"Austerity" is supposed to be the word on Capitol Hill this year, but some House committees haven't gotten the message.

Of the 10 committees that have submitted budget requests so far, two committees asked for increases of more than 60 percent above what they spent last year on operating expenses and supplementary staff. Five asked for 20 to 30 percent more, and only three asked for an increase of less than 16 percent.

The budget requests are for funds in excess of the approximately $1.4 million each committee gets by law to hire up to 30 staff people.

Since Congress is expected to produce little in the way of new legislation during this era of holding down federal spending to slow inflation, congressional leaders have said committees will oversee existing programs instead of writing new laws.

Ironically, the committees are using the need for "oversight" to justify the requests for increases in staff and committee expenses.

Rep. Ray Roberts (D-Tex.), chairman of the Veterans Affairs Committee, summarized it this way: "As you know, the Speaker has suggested we emphasize oversight functions in this Congress. In order to accomplish this we plan a number of field hearings, inspections and investigations to se if money appropriated for programs administered by the Veterans Administration is being put to effective use." Roberts asked for an increase in travel expenses to $106,000 for this year, compared with the $33,000 the committee spent last year.

The committee spent $273,246 on expenses last session, and this session asked for $425,000, a 31 percent increase. The House Administration Committee, which rules on the budget requests of House Committees, gave it $400,000.

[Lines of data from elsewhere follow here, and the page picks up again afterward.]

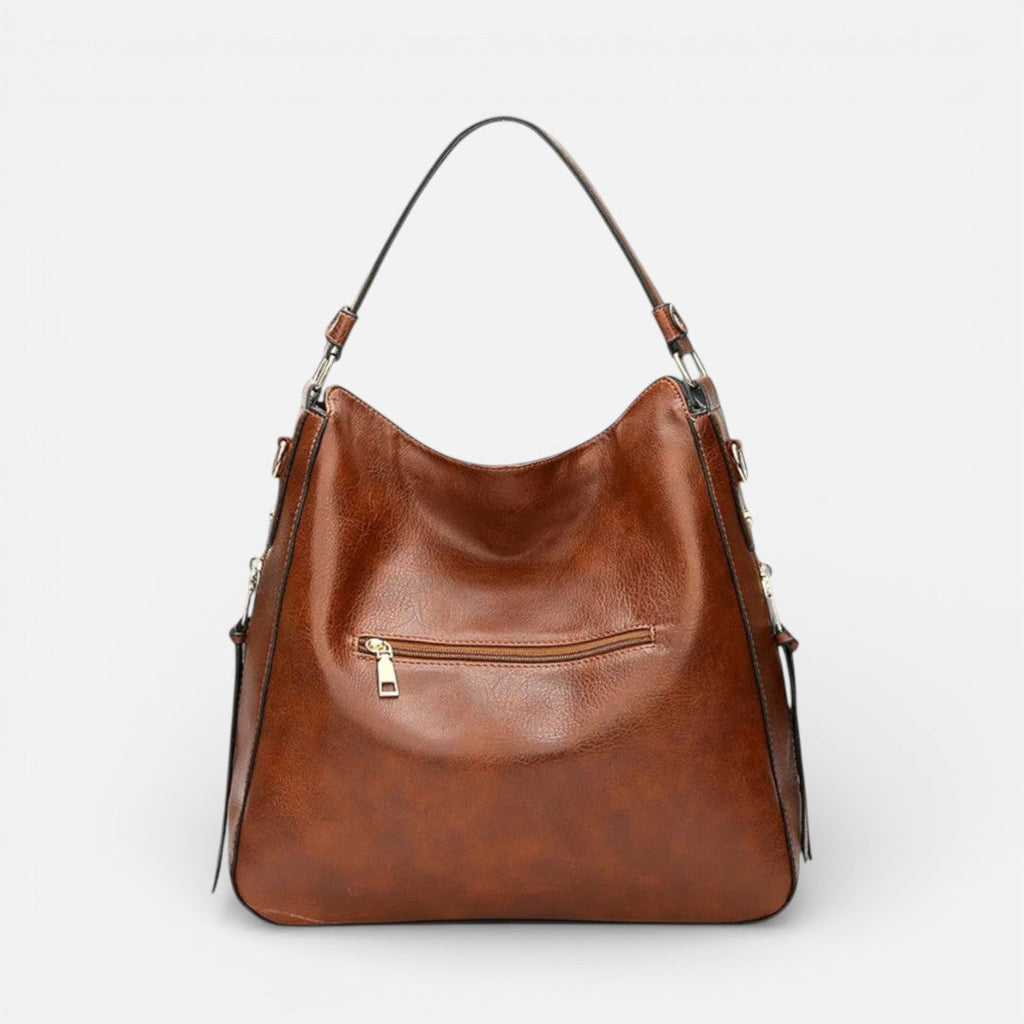 Damen Schultertasche groß mit Reißverschluss und verstellbarem Riemen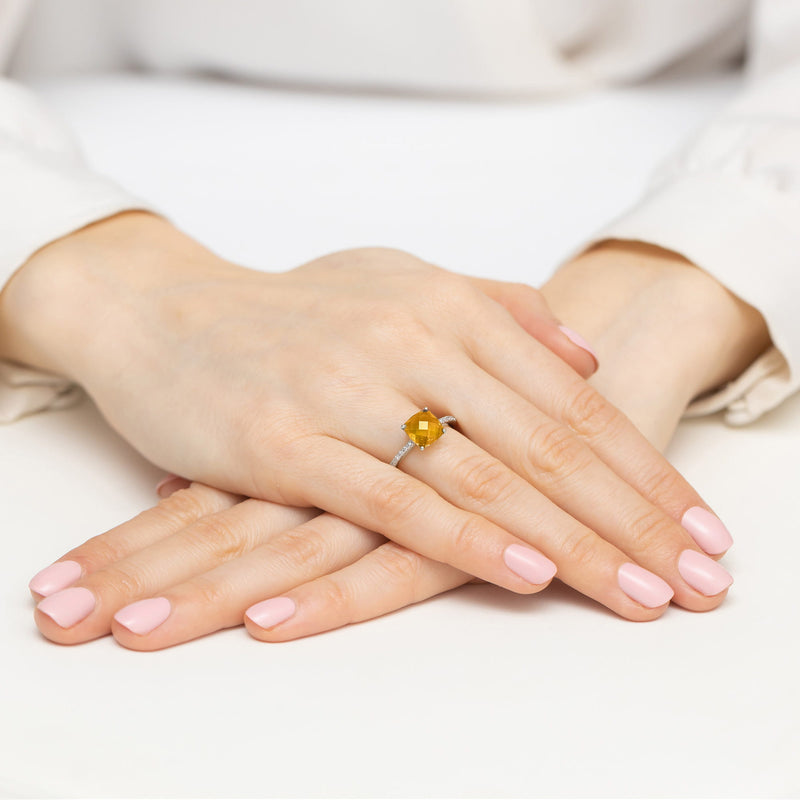Inel Aur 9K cu Citrin 2.00 ct si Diamante Naturale 0.07 ct, imaginea 8 din 8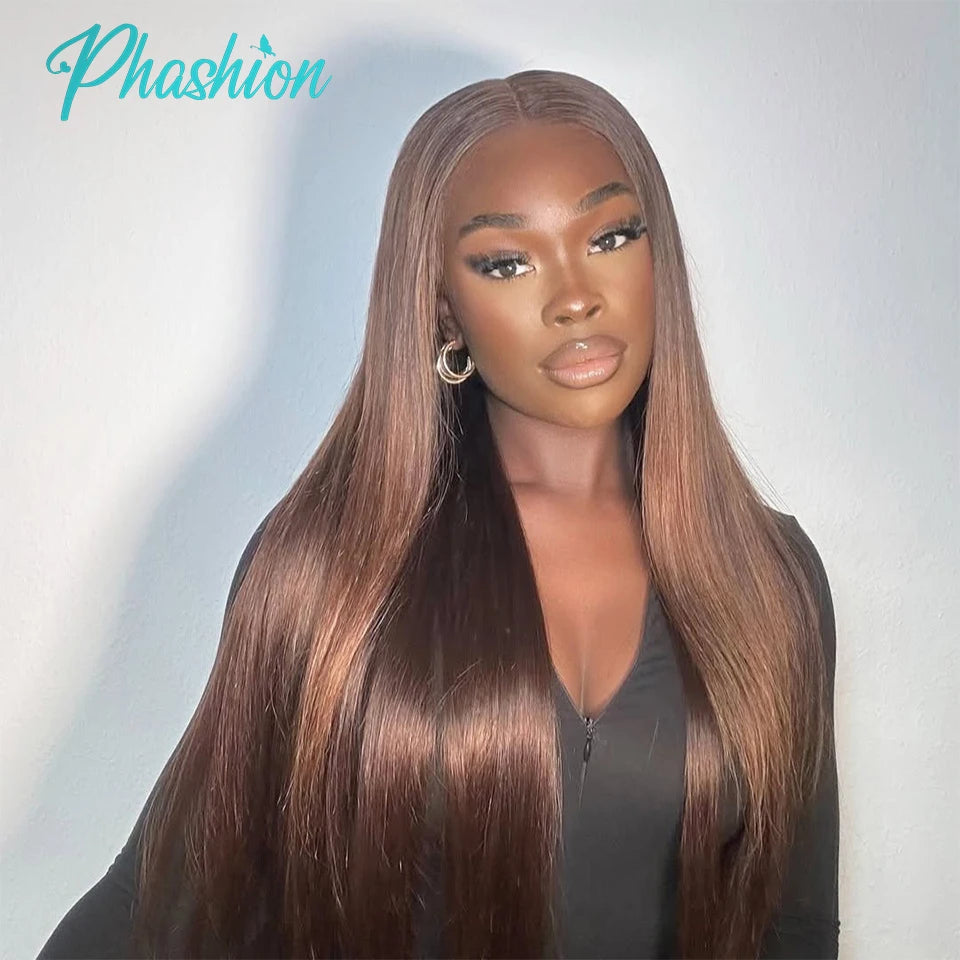 Phashion #4 Chocolate Brown  Straight Bundles Weave With 2x6 Lace Closure Human Hair Colored 100% Remy Brazilian Hair Extensions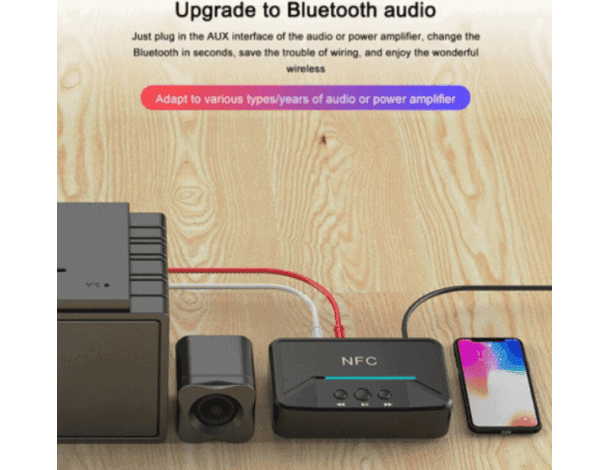 Ricevitore Bluetooth NFC Q-T92 Andowl Trasmissione Da Cellulare A Casse BT...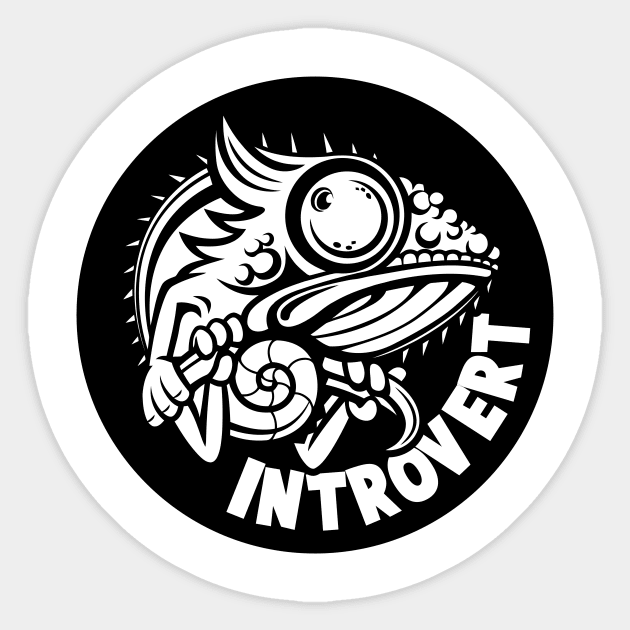 Chameleon Introvert Sticker by Vault Emporium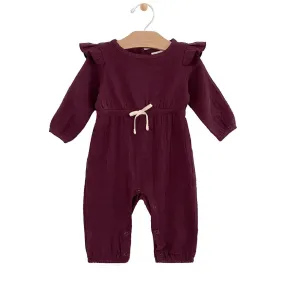 City Mouse Waist Crinkle Cotton Tie Romper - Huckleberry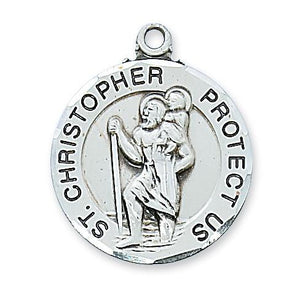 Sterling Silver Round St Christopher Medal. (1") on 24" Chain - Unique Catholic Gifts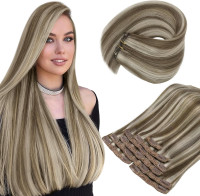 NEW: 22 Inch Clip In Real Human Hair Extensions, 120g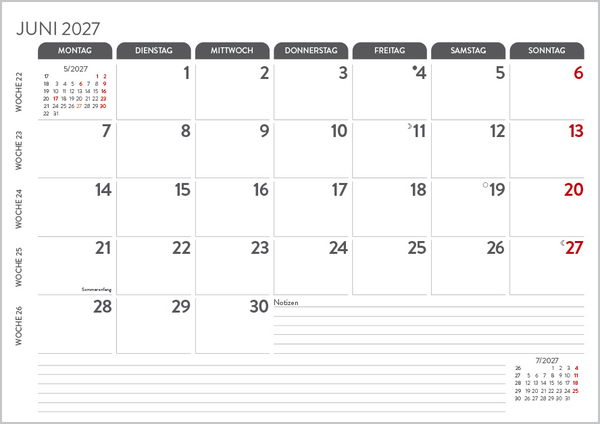 Monatsplaner 2027, Innenansicht #6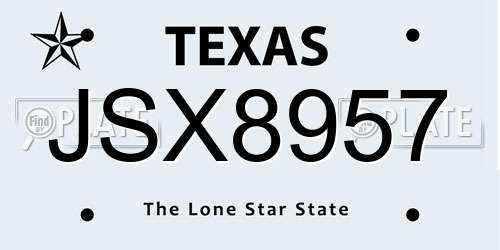 JSX8957 Texas License Plate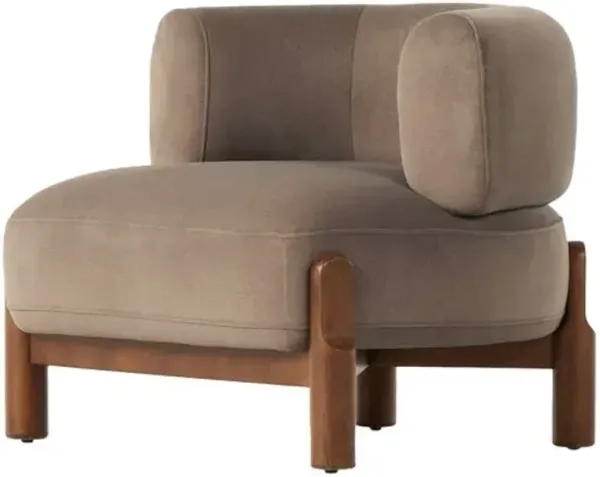 Irene Curved Accent Chair - Heathered Café Velvet - Brown, Comfortable, Durable, Cushioned
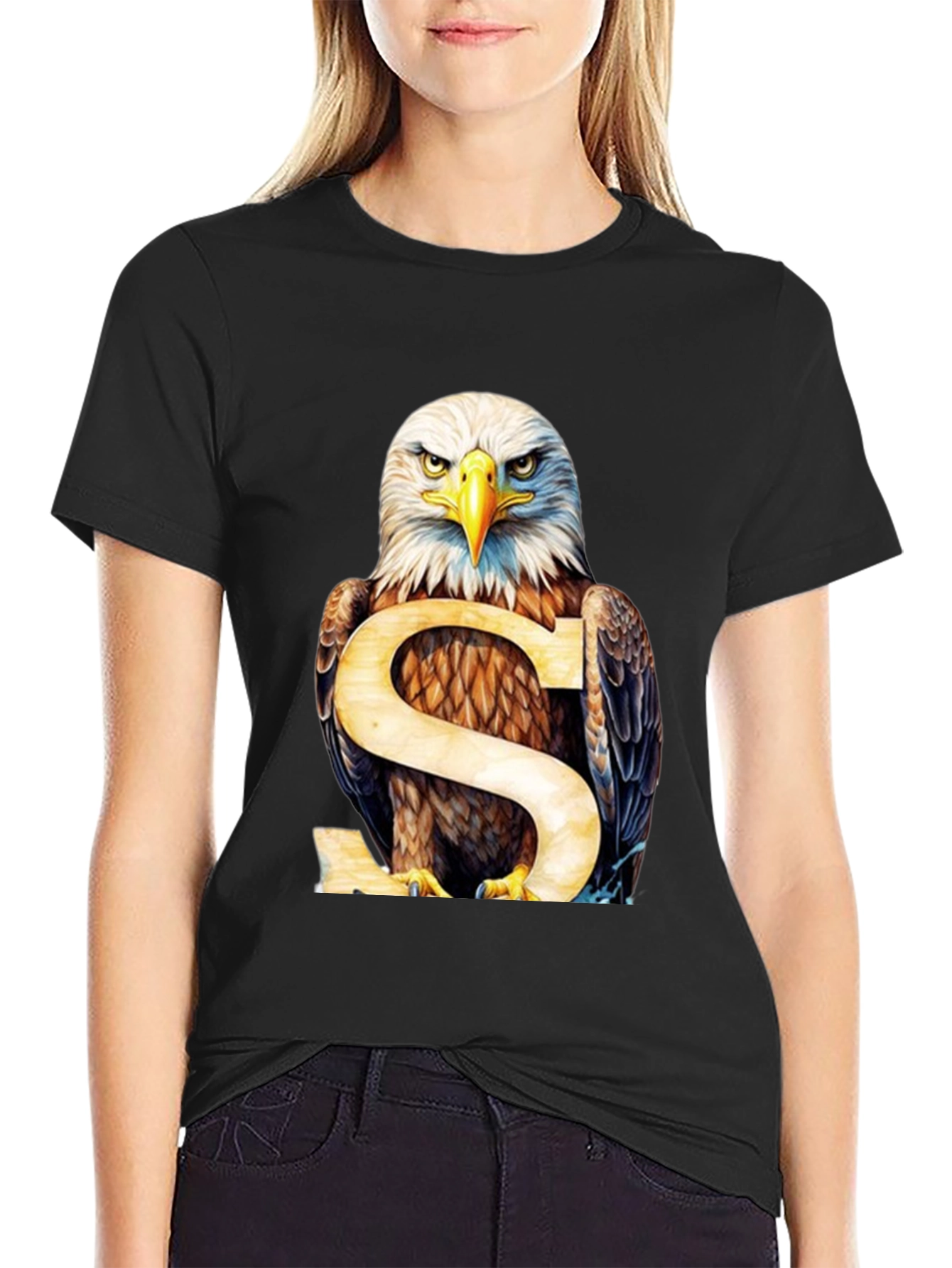 Eagle Graphic Print Mens Black T-Shirt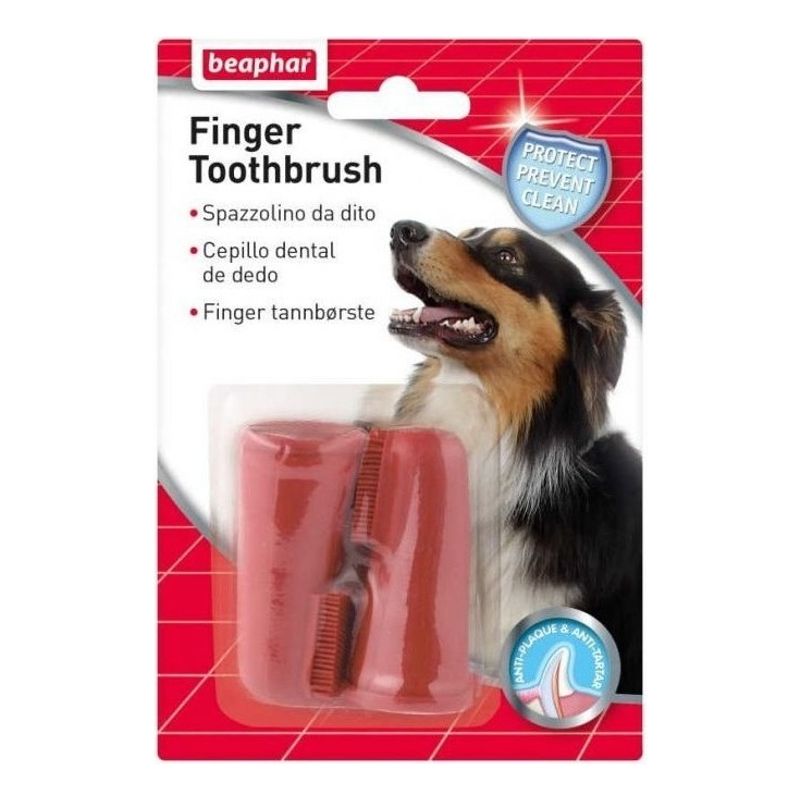 BEAPHAR - Cepillo Diente Perro Gato Dedo X2 Mascota Beaphar - Aquarift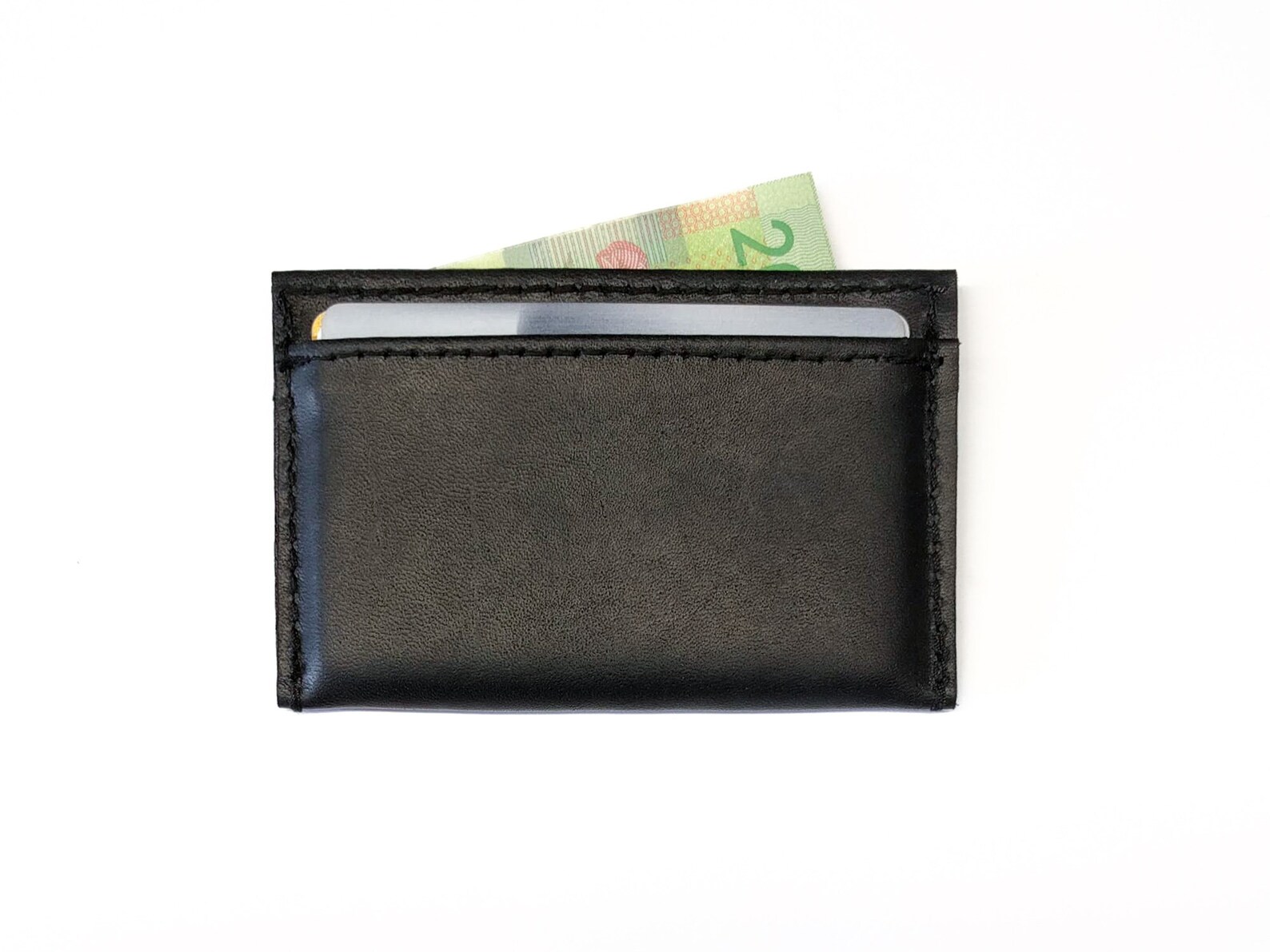 Card Case Black Leather Cards Case Vegetable Tanned Leather Etsy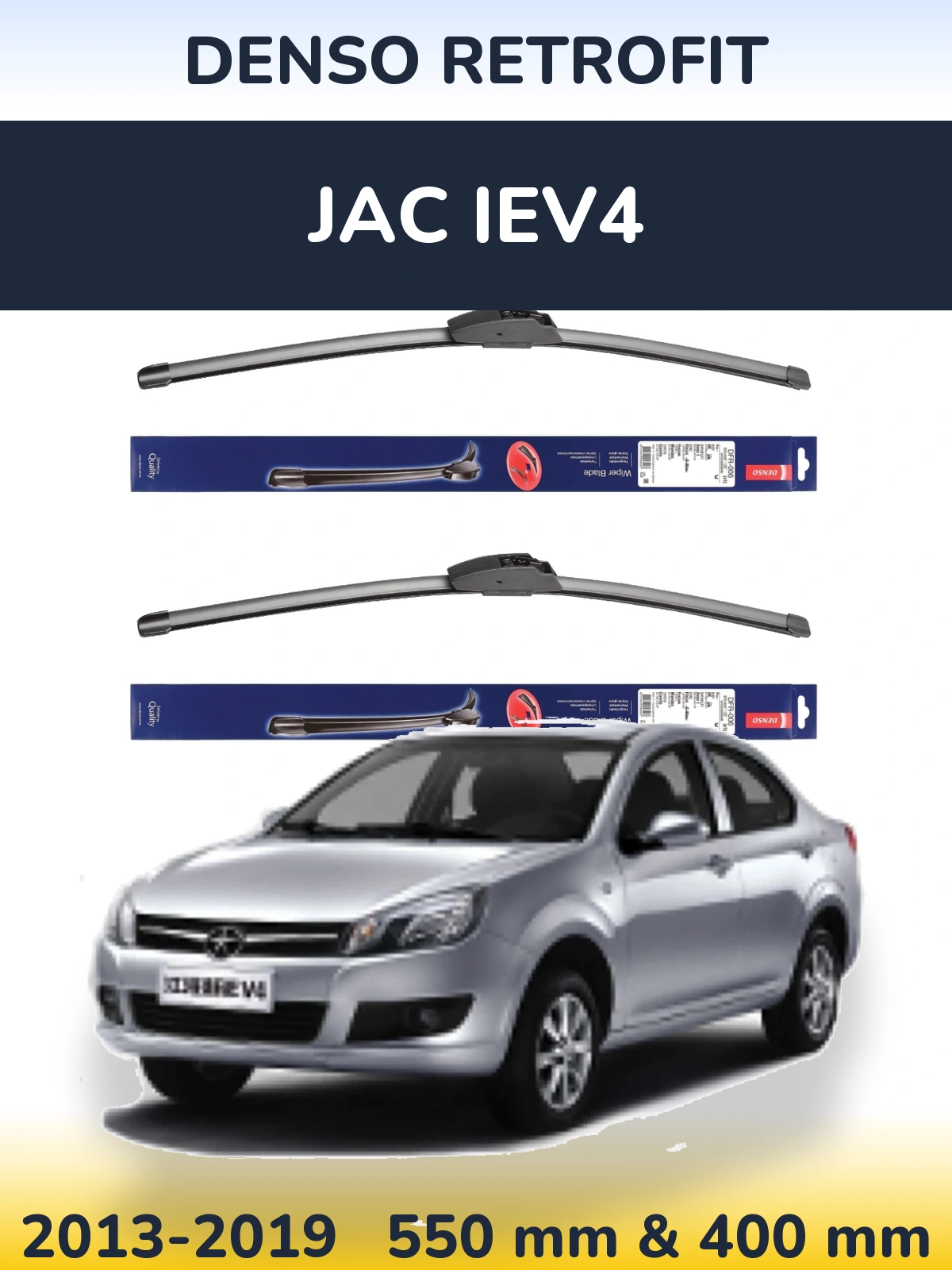 Комплект передних дворников Denso Retrofit 550 & 400 мм для JAC iEV4 2013-2019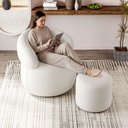 Ver imagem 3 de Kit Poltrona Orgânica Giratória Eloah + Puff Ello Bouclé Italiano Decoração Sala Luxo - Off-White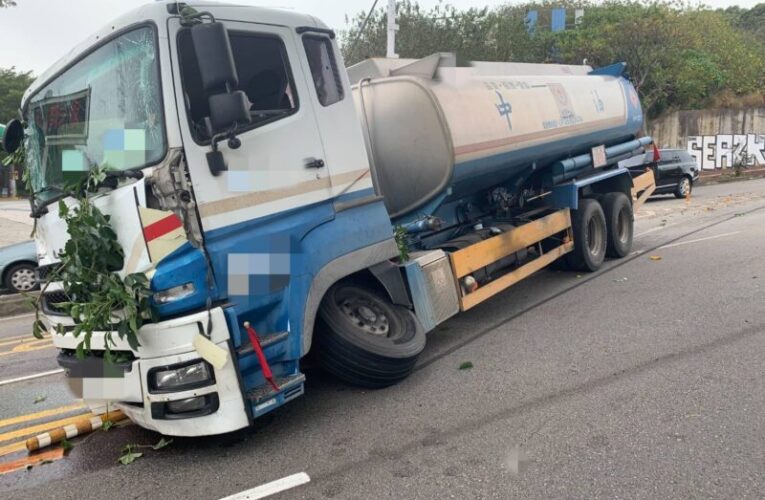 油罐車洩油後滑行失控　烏日向上路六段驚險事故幸未波及人車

But the prize for what one House Administration Committee member called staff "aggrandizement" went to the Ways and Means Committee, which handles taxes.

Ways and Means, which spent $1.8 million last year, asked for a whopping $2.9 million this year, a 63 percent increase.

Ways and Means Chairman Al Ullman (D-Ore.) said he chaired "a growing committee," and needed additional staff for the trade and revenue subcommittees. He asked for a 162 percent increase in travel funds to $225,000, and $75,000 to hire consultants. "We have 25 percent of the total outlays of government under our jurisdiction," Ullman said.

"I wonder what we would say if President Carter came in with a budget 63 percent over what was expended last year," Rep. John Brademas (D-Ind.), chairman of the House Administration accounts subcommittee asked. The committee gave Ullman $2 million.

Likewise, the Small Business Committee asked for a 70 percent increase from the $646,747 it spent last year to $1.053 million this year.

Ranking Republican Joseph McDade (Pa.) said the money was to "get a handle on some of the dollars misappropriated by the agency (the Small Business Administration)."

Brademas pointed out Small Business was using only 12 of the 30 staff people it was allotted by law. The committee was given $752,650.

Three years ago, the cost of running Congress reached a billion dollars, and last session congressional leaders tried hard to come in just under that to erase the "billion-dollar Congress" image. Brademas said staffs were "growing slightly, but not much" this year.

"Often Congress gets a bum rap on staff," Brademas said, adding that it must compete with a much larger executive branch, and complained executive-branch growth gets "insufficient attention."

But a member of Brademas's subcommittee, Rep. William Ratchford (D-Comm.), said "I find it difficult to go to the American public and say you must sacrifice, when we see committees seeking levels of funding 20 to 30 percent above the level" of last year.

"If the American public is asked to bite the bullet, and if Congress is not sacrificing, how can we ask the American people to sacrifice?" Ratchford asked.